By Samuel Adegoke
The six South West states of Ekiti, Lagos, Ogun, Ondo, Osun and Oyo have agreed to reopen schools to enable SS3 students write their West African Senior School Certificate Examination (WASCE) in August.
Their decision is in contrast with that of most of the 19 northern states which supported the Federal Government’s decision to suspend school reopening for SS3 students due to the COVID-19 pandemic.
At a virtual meeting organised by the Development Agenda for Western Nigeria (DAWN) Commission on Tuesday, commissioners of education in the six states, special advisers on education and SUBEB chairmen reached an agreement to reopen schools for SS3 students to write their final examination.
The meeting also agreed on the need for South West states to implement a 2016 plan to establish a regional examination body akin to IJMB in the North. The plan was laid out at the Roundtable on Creating a Collaborative Framework for Education Development and Advancement in Western Nigeria held in Osogbo, the Osun State capital in 2016.
A statement by the DAWN Commission indicated that all the states would have reopened schools for SS3 students by August 3, with COVID-19 preventive measures put in place in each school.

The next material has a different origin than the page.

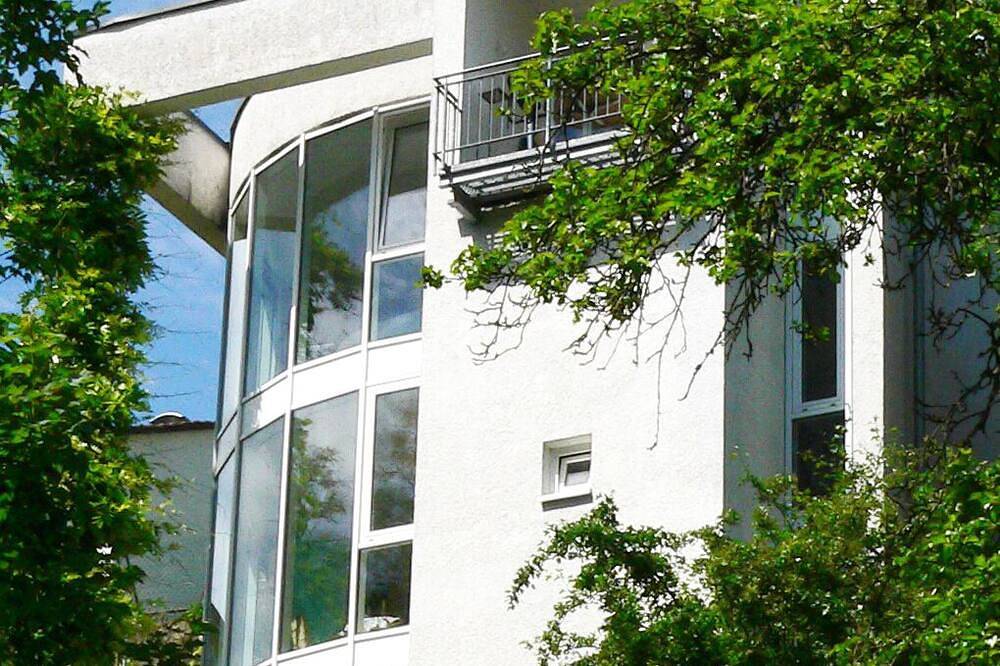 Ganze Wohnung, Ferienwohnung im Turm Bellevue mit 3 Schlafzimmern in Sachsenheim, Kraichgau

According to the statement, the states will approach the Federal Government at the first instance seeking postponement of the WASSCE by at least three weeks from the proposed resumption date. At the second instance, states are to directly approach the West African Examinations Council (WAEC) to seek postponement of the examination to the week commencing August 24.
On resumption, all schools are to appoint incident managers and classroom wardens. There will also be designation of quality assurance department for each state to issue a safety compliance certificate to each school before reopening.
The states will also encourage intensive advocacy campaigns to stakeholders including parents, teachers, caregivers, school owners and pupils on what is expected of them when schools resume.
The meeting also urged WAEC to encourage Computer-Based Tests (CBT) in the future.